§ **YOUR ASSIGNMENT**
When you reach the line containing "Mesa Dobrável Tampo Preto Tubos Pretos Carraro Menor" in the records below, start copying exactly, and stop once you have copied the line containing "Green Blended Cotton".

§ **DATA UNDER STUDY**
+ + +
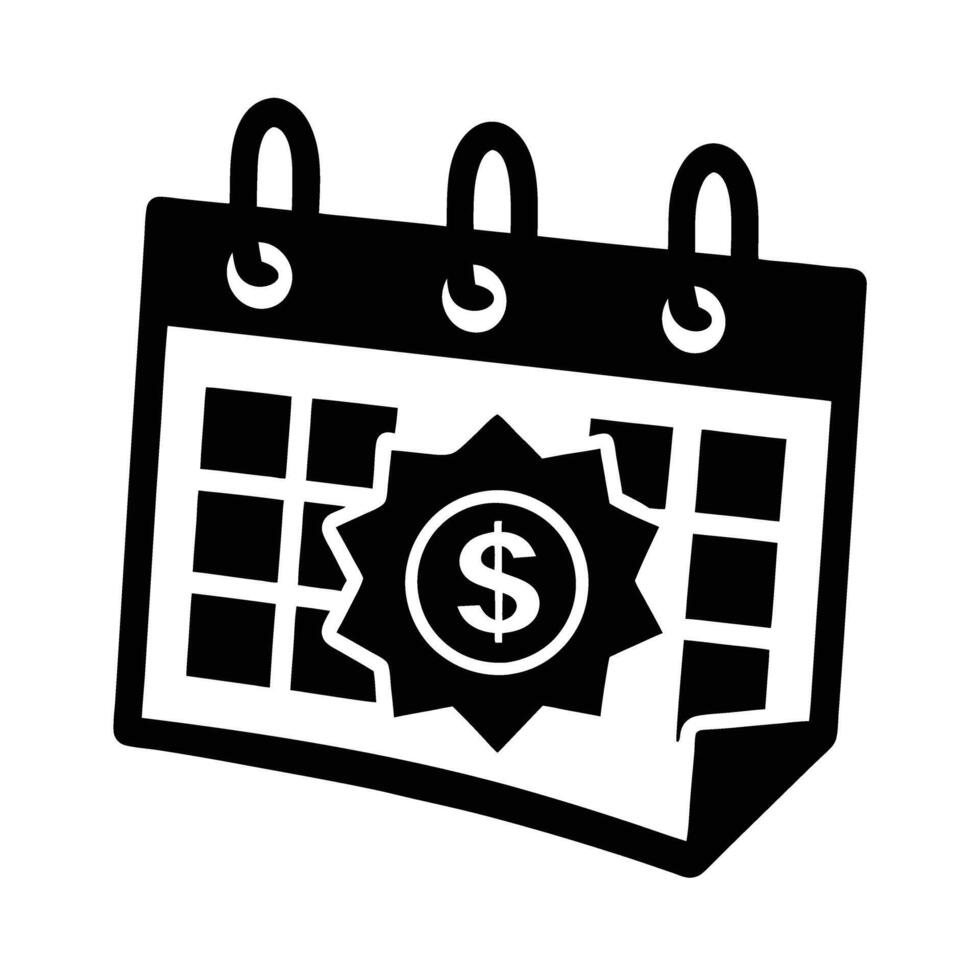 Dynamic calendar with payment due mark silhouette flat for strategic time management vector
+ + +
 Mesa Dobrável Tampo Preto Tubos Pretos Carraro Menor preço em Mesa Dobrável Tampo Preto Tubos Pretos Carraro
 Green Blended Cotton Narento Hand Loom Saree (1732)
+ + +
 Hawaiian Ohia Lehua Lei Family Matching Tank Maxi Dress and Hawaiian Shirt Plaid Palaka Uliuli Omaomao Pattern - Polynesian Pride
+ + +
§ **ANSWER TO THE PROBLEM**
 Mesa Dobrável Tampo Preto Tubos Pretos Carraro Menor preço em Mesa Dobrável Tampo Preto Tubos Pretos Carraro
 Green Blended Cotton Narento Hand Loom Saree (1732)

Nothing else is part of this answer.